La escobarense fue la primera oradora del Frente de Todos en el debate sobre el aborto que se llevó a cabo enla Cámara de Diputados de la Nación, donde se votará el proyecto de ley para la Interrupción Voluntaria del Embarazo (IVE).

“No discutimos aborto sí o no; estamos decidiendo si es legal o sigue siendo clandestino”, manifestó la diputada que fue una de las primeras oradoras de la jornada y manifestó su apoyo a la iniciativa impulsada por el presidente Alberto Fernández.

Hace dos años atrás Russo acompañó el proyecto que establece el derecho de las mujeres al aborto seguro, legal y gratuito hasta la semana 14 del embarazo. En aquel entonces, lo hizo luego de haberse mostrado indecisa sobre la cuestión, pero esta vez su postura segura y contundente le valió un escrache por parte de los grupos Pro Vida que eligieron hostigarla con carteles frente al complejo habitacional donde vive la diputada con sus hijas.

“Para muchos, es nuestra segunda contienda por el logro de esta conquista, que consideramos una ampliación de derechos crucial”… “El aborto legal, seguro y gratuito es parte de la agenda pública. Dejó de ser un tema tabú y alejado de la vida cotidiana para pasar a hablarlo con la familia, con los hijos y con los amigos. Ya sabemos que no discutimos aborto sí o no; estamos decidiendo si es legal o sigue siendo clandestino” – dijo Russo en su alocución.

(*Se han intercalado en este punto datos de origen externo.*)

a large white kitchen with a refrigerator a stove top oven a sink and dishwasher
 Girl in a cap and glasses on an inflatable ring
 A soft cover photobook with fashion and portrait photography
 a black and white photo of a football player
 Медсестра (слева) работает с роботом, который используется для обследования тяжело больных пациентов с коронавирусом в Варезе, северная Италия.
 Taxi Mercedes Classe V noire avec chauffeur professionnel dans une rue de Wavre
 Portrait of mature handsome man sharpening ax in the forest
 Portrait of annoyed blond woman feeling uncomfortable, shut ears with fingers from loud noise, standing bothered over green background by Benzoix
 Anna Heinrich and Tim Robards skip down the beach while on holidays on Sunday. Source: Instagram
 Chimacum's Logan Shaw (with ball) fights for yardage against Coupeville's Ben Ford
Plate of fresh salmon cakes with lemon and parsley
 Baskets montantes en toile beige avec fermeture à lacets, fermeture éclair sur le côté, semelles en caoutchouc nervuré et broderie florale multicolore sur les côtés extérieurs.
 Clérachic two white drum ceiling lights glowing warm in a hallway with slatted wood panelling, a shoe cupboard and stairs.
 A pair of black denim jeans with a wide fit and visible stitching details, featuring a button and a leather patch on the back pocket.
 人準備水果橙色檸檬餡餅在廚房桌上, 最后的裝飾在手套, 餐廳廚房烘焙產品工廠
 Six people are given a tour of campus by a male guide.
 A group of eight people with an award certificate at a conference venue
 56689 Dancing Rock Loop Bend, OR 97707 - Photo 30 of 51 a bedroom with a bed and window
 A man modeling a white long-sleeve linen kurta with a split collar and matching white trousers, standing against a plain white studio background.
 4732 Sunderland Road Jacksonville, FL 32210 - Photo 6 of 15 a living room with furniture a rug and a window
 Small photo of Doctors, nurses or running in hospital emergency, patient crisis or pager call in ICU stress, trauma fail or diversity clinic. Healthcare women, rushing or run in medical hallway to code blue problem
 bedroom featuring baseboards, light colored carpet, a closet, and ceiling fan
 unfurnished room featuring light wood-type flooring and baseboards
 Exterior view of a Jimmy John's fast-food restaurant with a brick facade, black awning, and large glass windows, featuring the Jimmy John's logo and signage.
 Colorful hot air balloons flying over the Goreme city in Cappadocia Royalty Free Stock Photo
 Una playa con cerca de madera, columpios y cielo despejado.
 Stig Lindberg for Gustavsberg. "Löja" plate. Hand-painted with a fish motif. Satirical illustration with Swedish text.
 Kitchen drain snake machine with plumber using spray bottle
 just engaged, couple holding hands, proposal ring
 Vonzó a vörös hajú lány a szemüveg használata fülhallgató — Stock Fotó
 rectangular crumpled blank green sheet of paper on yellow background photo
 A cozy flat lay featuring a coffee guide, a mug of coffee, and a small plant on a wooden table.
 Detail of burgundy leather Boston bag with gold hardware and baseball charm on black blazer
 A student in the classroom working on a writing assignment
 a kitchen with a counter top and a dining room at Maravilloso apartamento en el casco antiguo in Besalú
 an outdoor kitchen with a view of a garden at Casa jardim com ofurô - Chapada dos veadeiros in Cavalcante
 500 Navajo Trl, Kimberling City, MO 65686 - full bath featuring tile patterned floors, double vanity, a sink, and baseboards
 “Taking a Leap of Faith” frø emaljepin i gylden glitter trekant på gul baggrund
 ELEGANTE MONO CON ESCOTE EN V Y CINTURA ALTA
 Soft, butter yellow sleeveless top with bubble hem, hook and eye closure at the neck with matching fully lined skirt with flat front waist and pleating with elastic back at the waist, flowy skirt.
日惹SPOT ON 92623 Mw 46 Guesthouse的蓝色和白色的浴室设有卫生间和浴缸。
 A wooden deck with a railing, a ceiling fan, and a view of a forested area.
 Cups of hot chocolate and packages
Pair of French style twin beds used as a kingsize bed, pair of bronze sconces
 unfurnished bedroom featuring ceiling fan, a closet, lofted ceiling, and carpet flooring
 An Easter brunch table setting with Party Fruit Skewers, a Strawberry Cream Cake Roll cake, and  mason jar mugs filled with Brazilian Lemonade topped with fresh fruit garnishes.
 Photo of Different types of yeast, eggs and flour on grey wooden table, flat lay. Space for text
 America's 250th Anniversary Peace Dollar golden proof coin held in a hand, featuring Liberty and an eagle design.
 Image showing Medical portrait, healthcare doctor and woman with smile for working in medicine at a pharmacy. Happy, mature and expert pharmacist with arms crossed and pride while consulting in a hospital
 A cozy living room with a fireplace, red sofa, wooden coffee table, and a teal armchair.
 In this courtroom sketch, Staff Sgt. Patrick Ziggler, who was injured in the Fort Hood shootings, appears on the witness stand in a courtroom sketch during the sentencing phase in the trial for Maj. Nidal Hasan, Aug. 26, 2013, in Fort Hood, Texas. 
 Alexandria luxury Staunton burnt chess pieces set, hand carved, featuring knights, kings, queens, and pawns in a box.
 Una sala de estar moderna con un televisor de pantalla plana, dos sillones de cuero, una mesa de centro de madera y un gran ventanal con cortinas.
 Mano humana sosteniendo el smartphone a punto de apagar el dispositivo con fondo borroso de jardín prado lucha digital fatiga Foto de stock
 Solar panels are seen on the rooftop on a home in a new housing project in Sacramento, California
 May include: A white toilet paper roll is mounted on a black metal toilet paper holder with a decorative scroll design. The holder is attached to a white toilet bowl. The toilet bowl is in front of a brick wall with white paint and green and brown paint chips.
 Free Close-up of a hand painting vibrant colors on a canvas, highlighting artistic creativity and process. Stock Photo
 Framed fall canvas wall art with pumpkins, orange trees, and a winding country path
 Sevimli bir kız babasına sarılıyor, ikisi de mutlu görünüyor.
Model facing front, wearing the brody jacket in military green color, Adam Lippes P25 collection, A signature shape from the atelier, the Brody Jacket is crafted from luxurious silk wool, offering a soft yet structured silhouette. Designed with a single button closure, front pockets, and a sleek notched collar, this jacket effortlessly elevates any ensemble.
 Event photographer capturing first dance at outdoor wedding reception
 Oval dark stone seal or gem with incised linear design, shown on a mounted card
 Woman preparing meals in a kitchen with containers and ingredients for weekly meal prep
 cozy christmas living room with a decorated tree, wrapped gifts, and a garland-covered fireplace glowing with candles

Según dichos de la funcionaria nacional en las diferentes comisiones se abordaron los cuestionamientos desde todos los ángulos y se agotaron todas las dudas.

 “Un embrión no es igual a una persona: a las personas no se las dona ni se las congela. Y la IVE no es un anticonceptivo para nadie, es una decisión siempre muy difícil, personalísima y dolorosa que, como Estado laico, no nos corresponde juzgar ni penar” – había expresado Russo, como siempre en tono dulce y pausado. Sin chicanas de ninguna índole, sin golpes bajos y con respeto a todas las posiciones, mientras lucía un pañuelo verde en su muñeca.